EXERCISE INSTRUCTIONS:
Could you restate the whole listing below word for word, minus the pictures?
:: SUPPLIED RECORDS
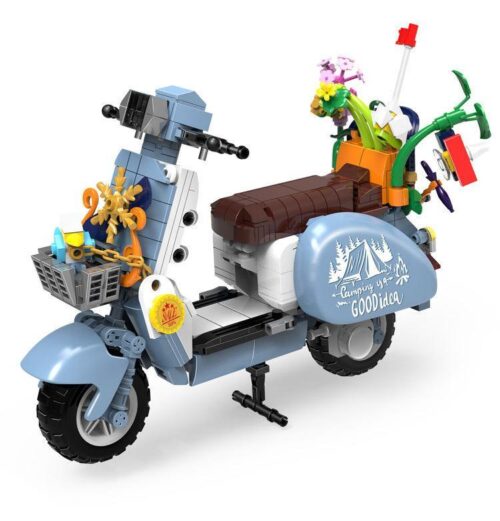 Bộ lắp ghép Xe Mô Tô Vespa Zhegao 00325 màu xanh dương, thiết kế cổ điển, kèm giỏ hoa đáng yêu, phù hợp cho bé gái 6 tuổi, giá tốt.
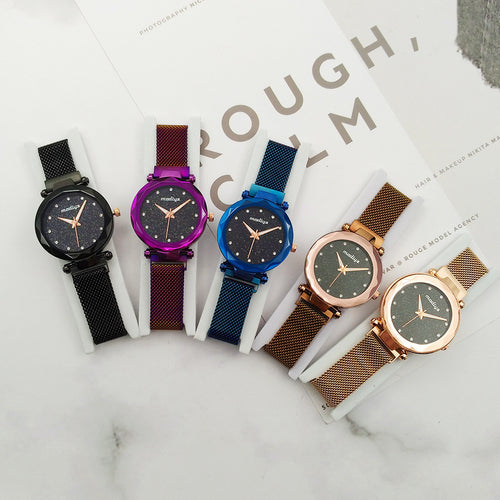 Stylish Women Starry Skies Watch Bracelet watch with gift box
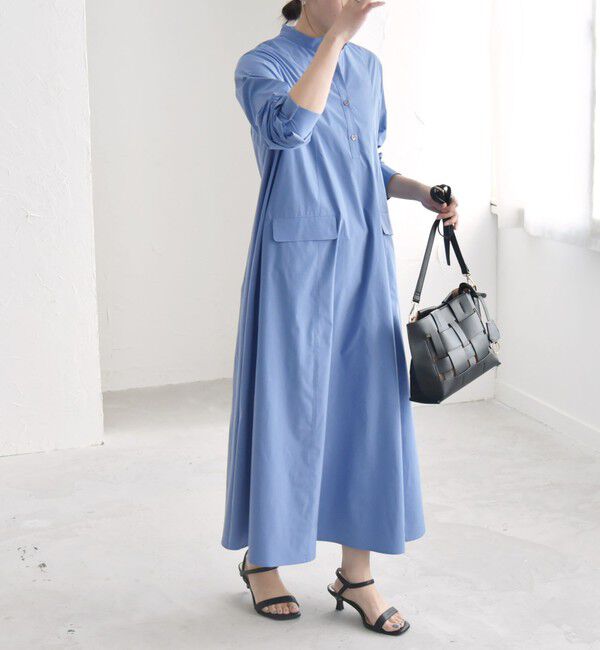quaranciel「quaranciel:〈洗濯機可能〉タイプライターライク スタンドカラー シャツワンピース」|ワンピース|ブルー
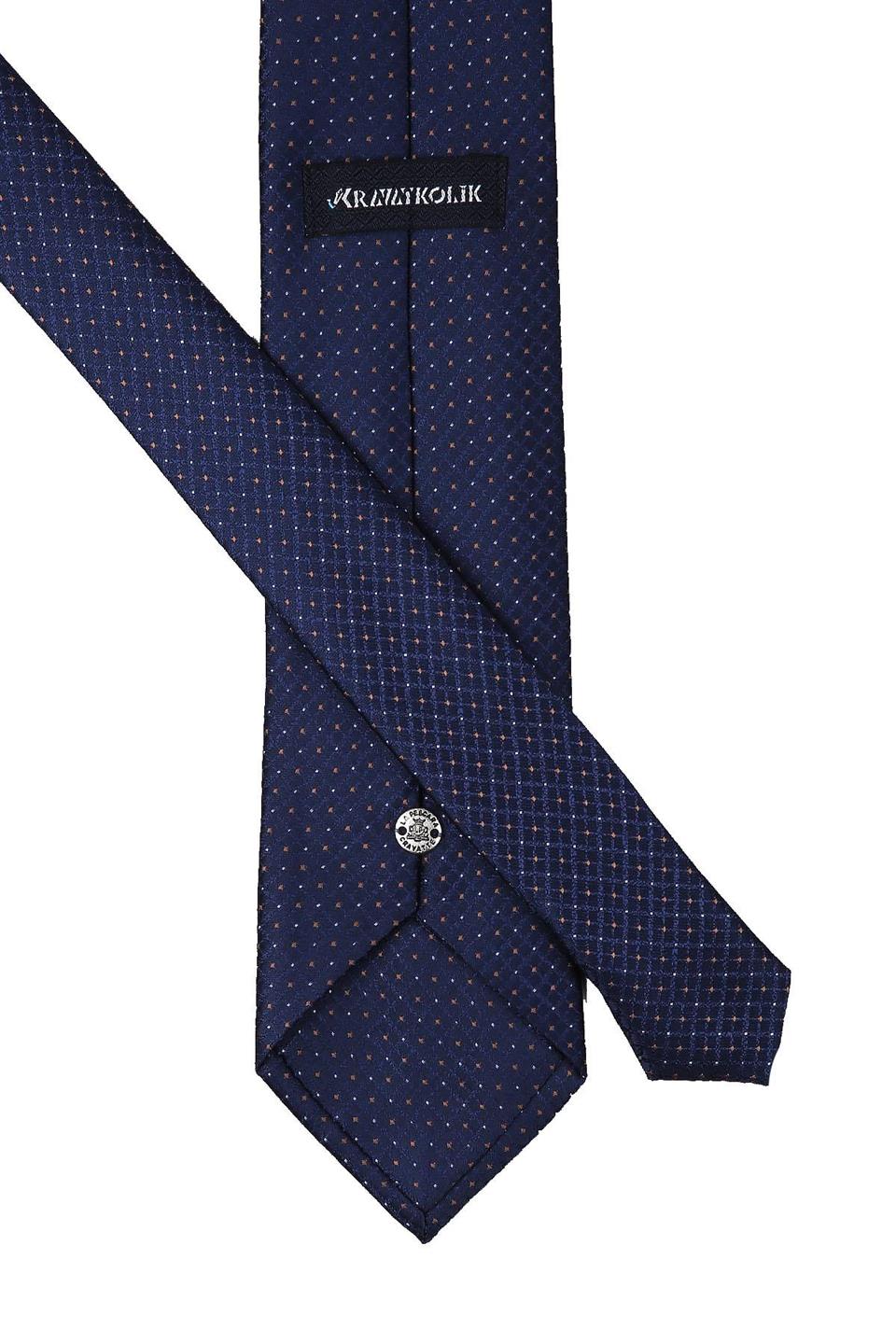 Lacivert Nokta Desen Mendilli Klasik Kravat KK10422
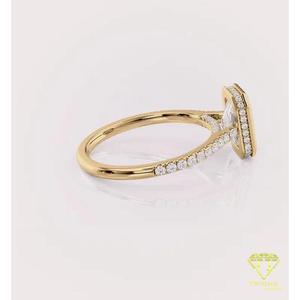 Radiant Cut Lab Grown Diamond Bezel Engagement Ring in Yellow Gold with Pave Diamond Band Minimalist Solitaire Bridal ring - Product Image 5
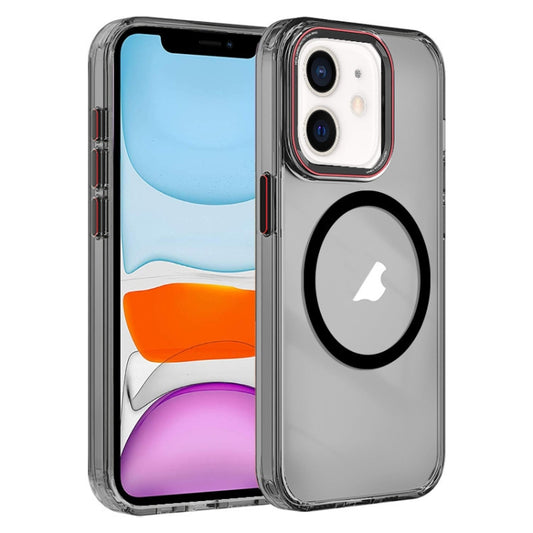 For iPhone 11 Crystal TPU Hybrid PC MagSafe Phone Case(Transparent Black) by buy2fix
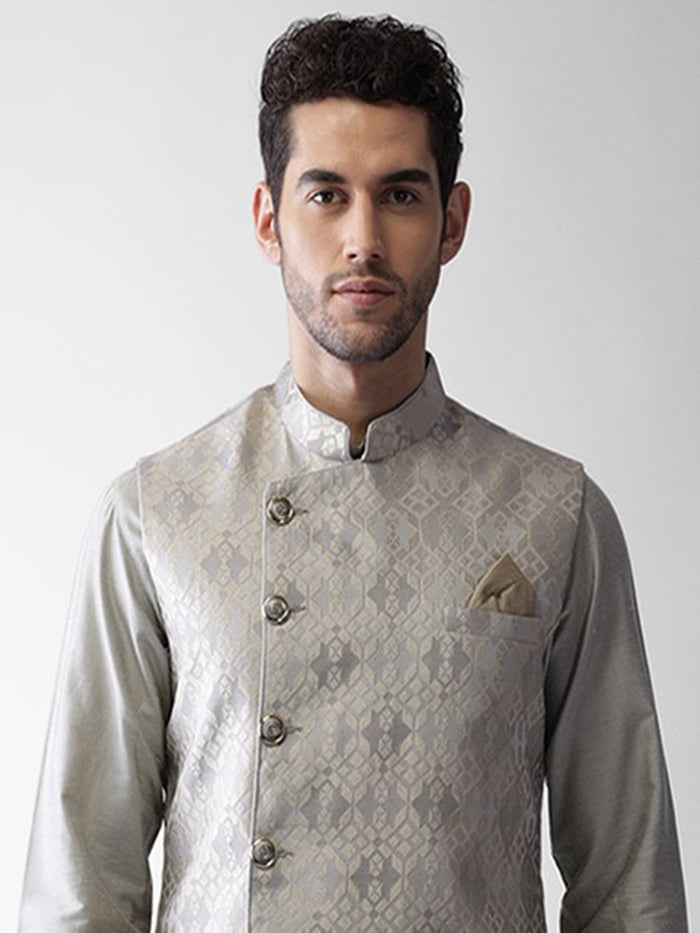Kisah Men's Grey Kurta Jacket Trousers Set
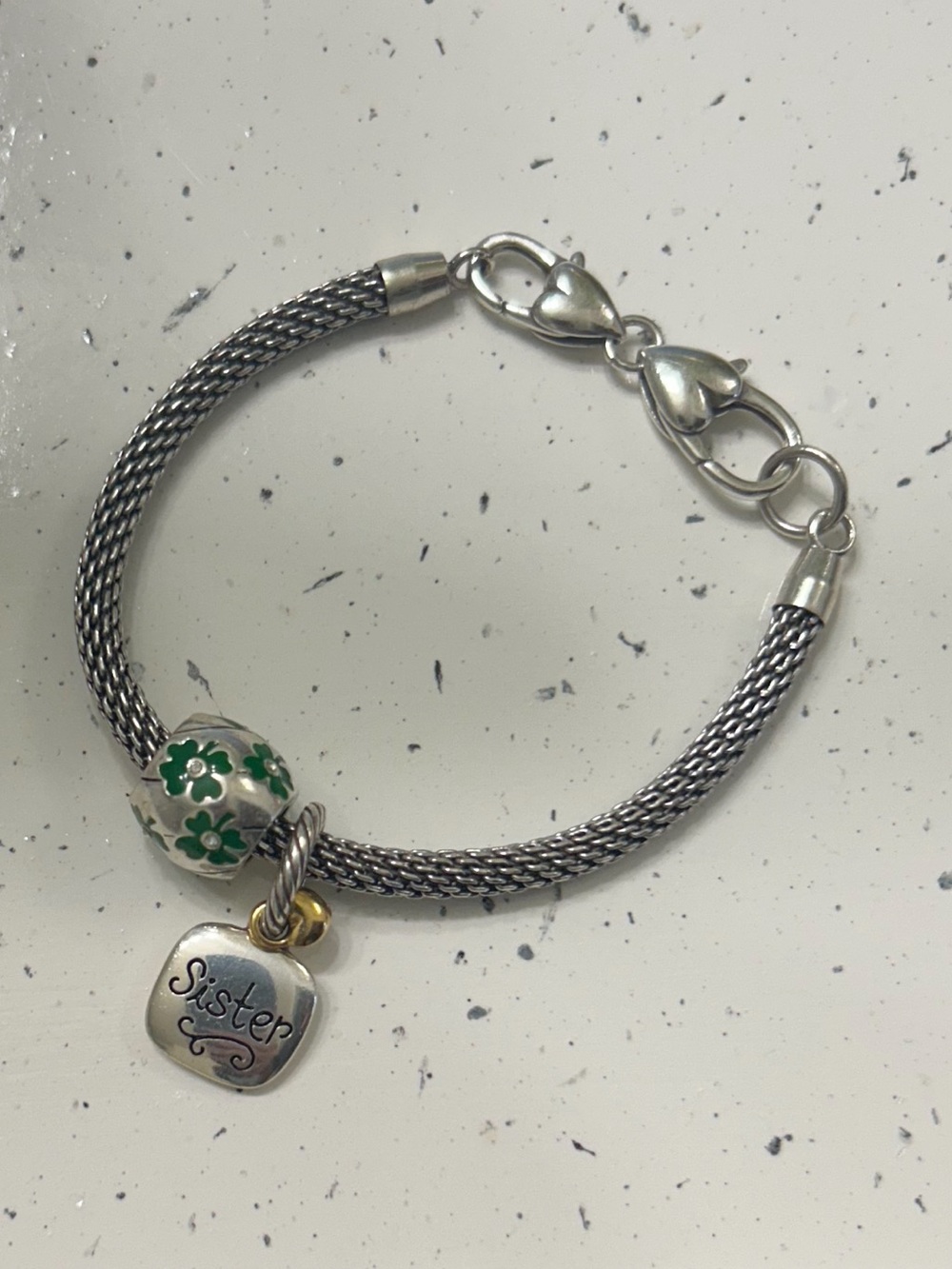Pandora Sterling Silver 'Sister' Charm Bracelet with Green Floral Bead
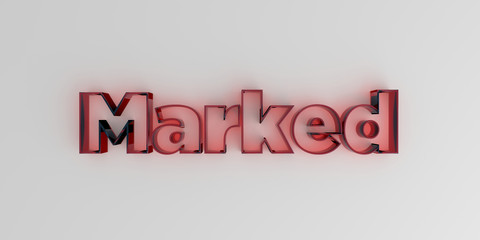 Marked - Red glass text on white background - 3D rendered royalty free stock image.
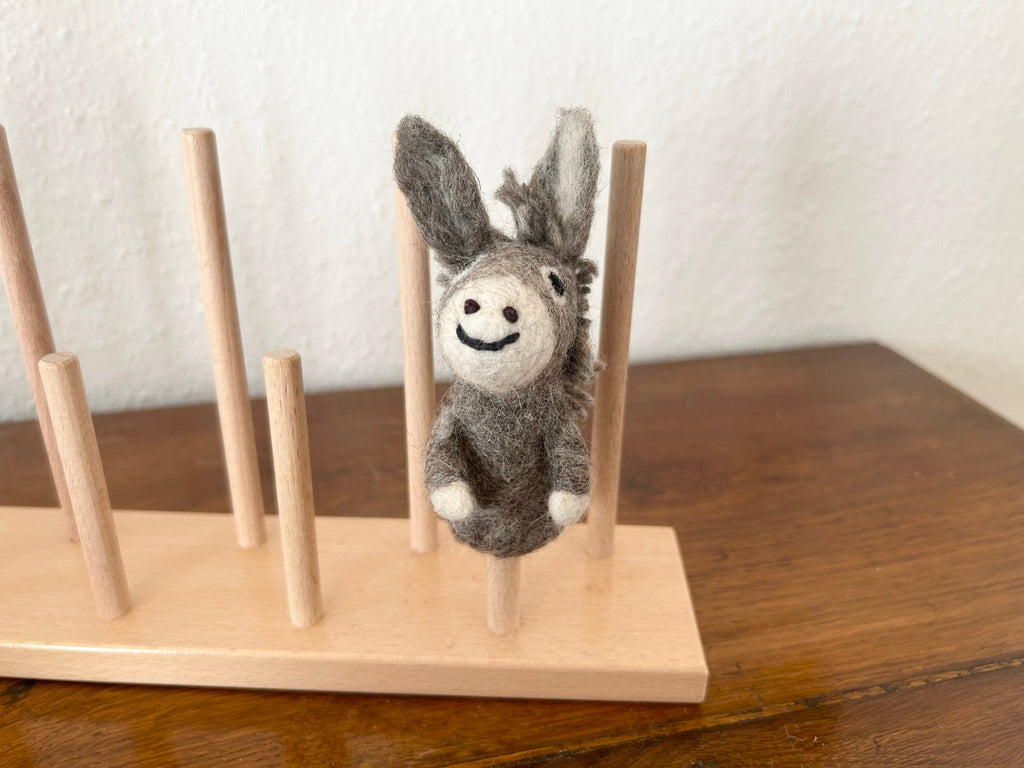 Niedliche Fingerpuppe Esel aus Filz I Fingerspiel I Bauernhoftier I Pferd I Spielzeug Montessori I Geschichten erzählen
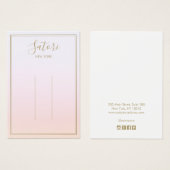 Lichtroze gradiënt ombre Script Hair Clip display Visitekaartje (Voorkant /achterkant)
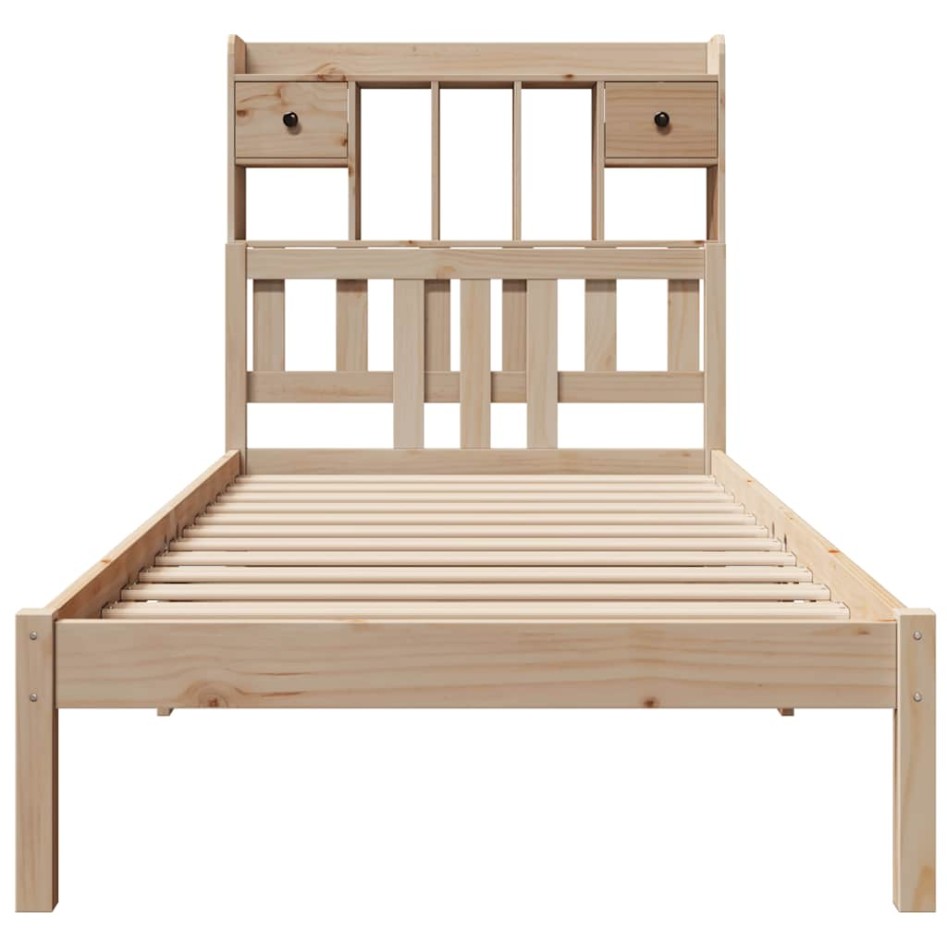 Cama con estantería sin colchón madera maciza de pino 75x190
::::
FINISHED EXERCISE:
 Bộ lắp ghép Xe Mô Tô Vespa Zhegao 00325 màu xanh dương, thiết kế cổ điển, kèm giỏ hoa đáng yêu, phù hợp cho bé gái 6 tuổi, giá tốt.
 Stylish Women Starry Skies Watch Bracelet watch with gift box
quaranciel「quaranciel:〈洗濯機可能〉タイプライターライク スタンドカラー シャツワンピース」|ワンピース|ブルー
 Lacivert Nokta Desen Mendilli Klasik Kravat KK10422
 Radiant Cut Lab Grown Diamond Bezel Engagement Ring in Yellow Gold with Pave Diamond Band Minimalist Solitaire Bridal ring - Product Image 5
 For iPhone 11 Crystal TPU Hybrid PC MagSafe Phone Case(Transparent Black) by buy2fix
Kisah Men's Grey Kurta Jacket Trousers Set
Pandora Sterling Silver 'Sister' Charm Bracelet with Green Floral Bead
 Marked - Red glass text on white background - 3D rendered royalty free stock image.
 Niedliche Fingerpuppe Esel aus Filz I Fingerspiel I Bauernhoftier I Pferd I Spielzeug Montessori I Geschichten erzählen
 Lichtroze gradiënt ombre Script Hair Clip display Visitekaartje (Voorkant /achterkant)
 Cama con estantería sin colchón madera maciza de pino 75x190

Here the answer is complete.